При советской власти люди могли посещать по вечерам школьные спортзалы, а теперь лишены и этого. Жизнь, прямо скажем, на износ...
— Как местная публика реагировала на вас — гостей из благополучной Европы?
— В любом провинциальном городе, и Сибирь тут не исключение, есть сплоченная группа интеллигенции, литературное объединение энтузиастов, жаждущих знать о том, что творится в русской и мировой словесности. Интеллигенции нашей стало меньше, но она никуда не делась. Ее культурные запросы, разумеется, не могут удовлетворяться тем, что показывается в телевизоре. И понятно, в Дудинке или за Северным полярным кругом столь представительная делегация с присутствием писателей, приехавших из Франции, — это событие. В библиотеках, музеях, сельских клубах нас встречали очень тепло и заинтересованно. Хотя окружающая обстановка, повторю, по-прежнему напоминала гулаговский предзонник.
— Как думаете, сможем мы в обозримом будущем обустроить эти необъятные просторы?
— Я — как, думаю, и большинство соотечественников — не живу сейчас с ровным чувством, будто все идет на поправку. Обеспокоенность происходящим очень велика. Но тем не менее убежден, что надо верить в эволюционное поступательное развитие нашего гражданского общества и ни в коем случае не раскачивать обстановку. Это подтвердили и беседы с простыми людьми. Например, из телевизора сибиряки осведомлены об истории с Pussy Riot и относятся к шумихе вокруг нее с глубочайшим возмущением, совсем не так, как значительная часть столичной тусовки.
— А в Абакане, Шушенском, других глубинных уголках гражданское общество есть?
— Несомненно. По моим наблюдениям, в значительной степени оно носит краеведческий характер, будь то в Сибири, в Центральной России или на Дальнем Востоке.
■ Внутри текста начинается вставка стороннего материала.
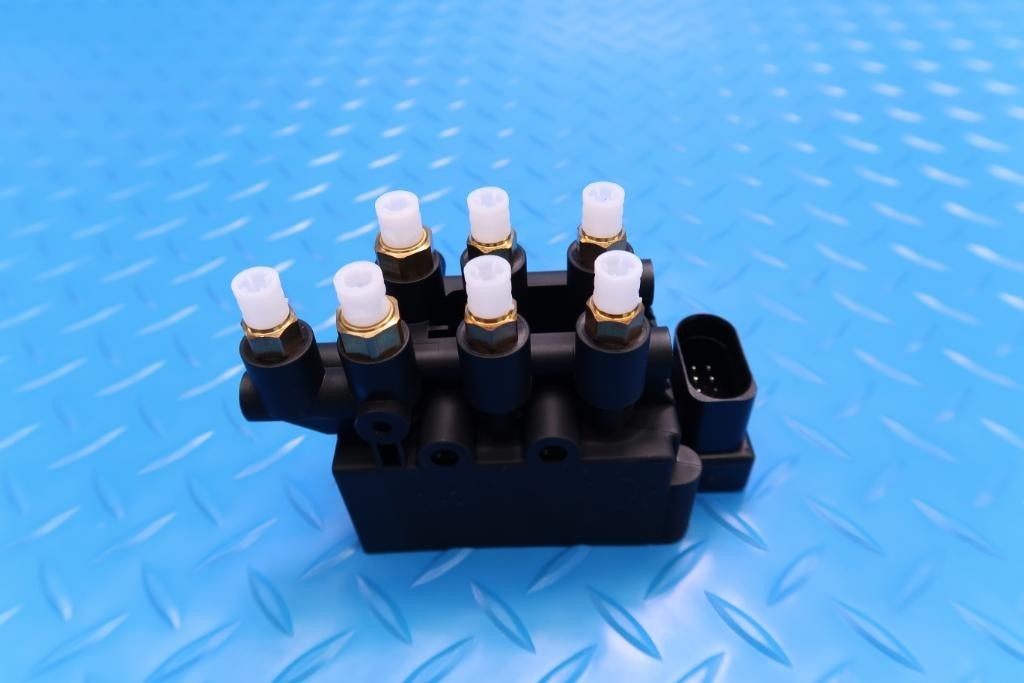 Rolls-Royce Cullinan 2018-2025 Air suspension valve block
Высококультурные, активные люди, слава Богу, не перевелись. Они борются за спасение старых кварталов, окружающей природы, идя и дальше, к более широкому гражданскому чувству. В этом движении задействованы музейщики, краеведы, биб-лиотекари, учителя. С ними я чувствую себя своим во всей России.
— А как вам было рядом с французскими коллегами, среди которых преобладали литераторы нового поколения?
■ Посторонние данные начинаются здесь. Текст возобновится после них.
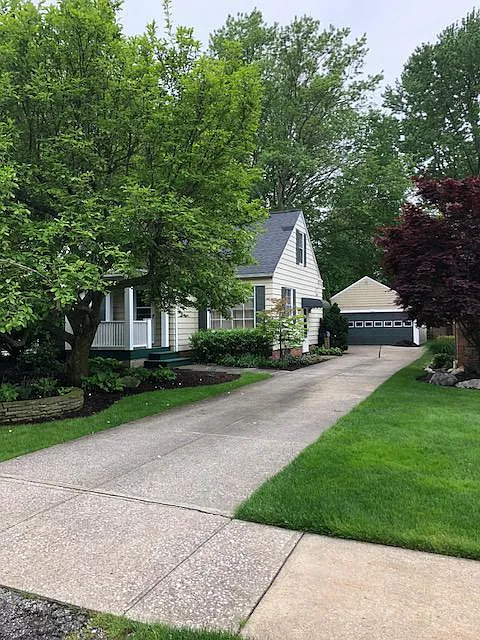 4742 Willoughcroft Rd photo 1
— Я не переставал удивляться их нескончаемому любопытству. Никто ни минуты не ленился, старался узнать и посмотреть по максимуму. Все пристально интересовались историей ГУЛАГа и окрестной экологической ситуацией. Неизвестно, что они у себя во Франции напишут — наверняка будет много критического и язвительного. Но все радовались, что побывали в этой малодоступной, закрытой части России, и говорили, что пережитое здесь останется в памяти навсегда.
— Ваш собственный ответ на поездку уже созрел?
— Формула «поехал — написал» срабатывает не всегда. От Пушкина ждали, что он съездит в Арзрум и создаст поэму, прославляющую генерала Пашкевича... Впечатления должны отложиться. Я начал работу над большим очерком, который будет называться «На Енисее» и, надеюсь, выйдет в одном из осенних номеров журнала «Октябрь», посвященном нашей экспедиции.